暴君と魔女
「言え・・・・四季」
「違います・・・」
「頼むから・・・」
「・・・っ・・」
「四季っーーー」
名前を呼んで、やっとその姿を見降ろした。
近づけば分かる変わらない美しさ。
細く柔らかい髪が雪をかぶって軽く湿り、光の反射で時々光る。
見降ろす角度からの長い睫毛も変わらない。
今すぐにでも抱きしめたいくらいの衝動に歯止めをかけているのは、・・・・絡まないグレーアイだ。
なぁ、頼む。
その眼に俺を映して・・・、
そして・・・、言ってくれ。
「その子は・・・俺の子だろう?」
俺の声が静かに響いた瞬間に四季の頬をゆっくりと伝う涙。
それが答えにも感じるのに戻らないグレーアイの眼差しと、追って返される四季の声。
「・・・・違います」
返された言葉にチクリと痛み、その痛みで眉根が寄る。
何故?
ここまで来て何故?
四季の腕に大切そうにしっかりと抱かれているのは、まだ生きることだけに必死な小さな存在で。

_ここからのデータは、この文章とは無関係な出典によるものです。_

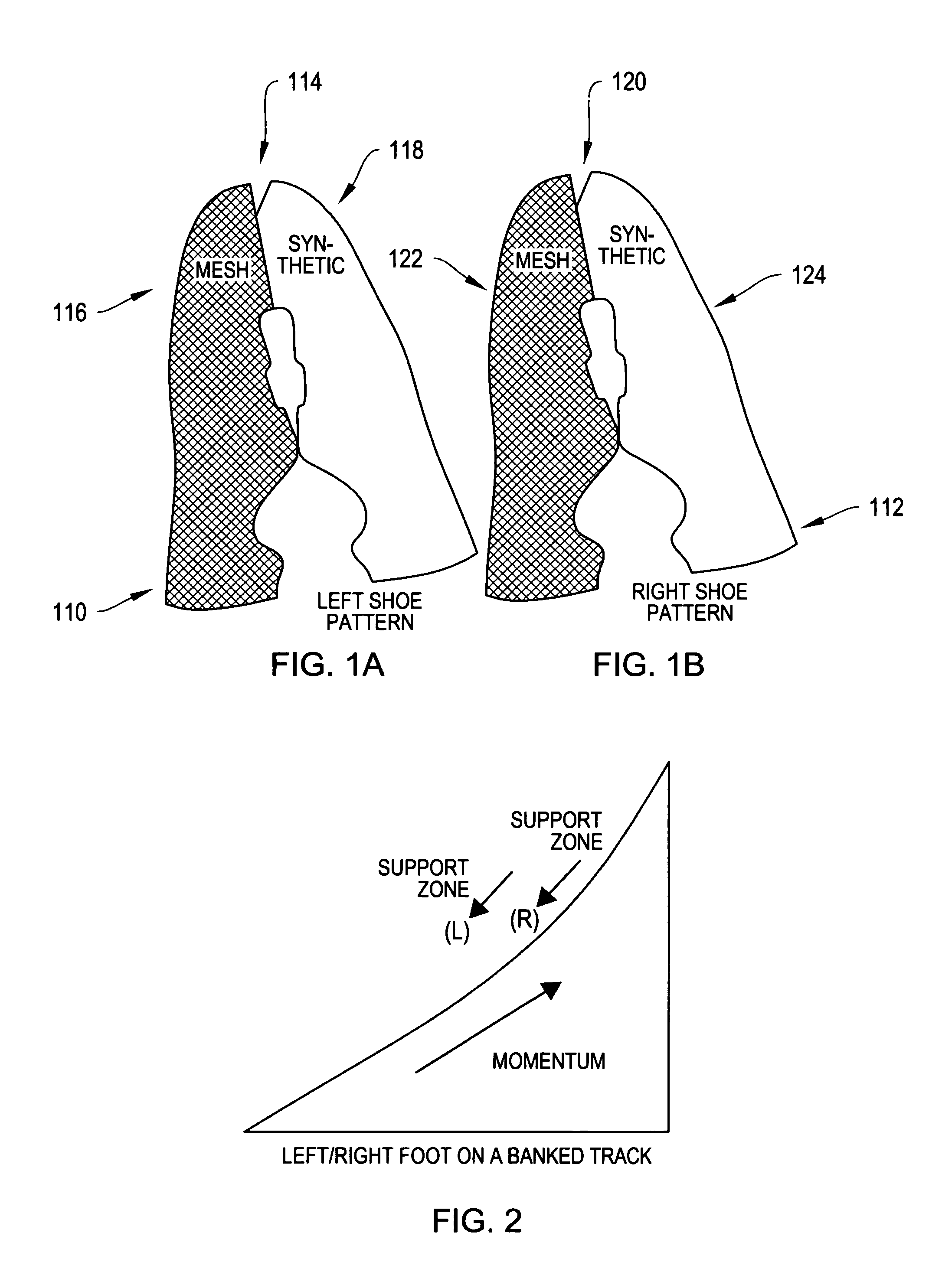 Pair of athletic shoes with asymmetric support between the uppers of the pair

四季を感情的に抱いていた事を思い返せば間違いないと、自らそれを認めるのに。
「・・・っ・・・四季、」
「・・・・・」
「俺の子だろ?・・・・・・そう、・・言ってくれ・・・」
「・・っ・・・・」
懇願するように視線を落として声を響かせるのに、首を横に振り無言を返事とする四季の姿に辛くなる。
なぁ・・・・言ってくれ。
お前がそれを言ってくれなければ・・・・・、
許して・・・くれなければ・・・・・、
「その子を愛せないじゃないか・・・・」
俺は・・・・、
自分の子であるなら俺とは違う親の愛情を感じて大人になってほしいんだ。
俺は・・・・与えたい。
それを求めるばかりだったあの時間とは違って、
四季から与えられるばかりだったあの時間とは違って、
ただ・・・・愛したい・・・・。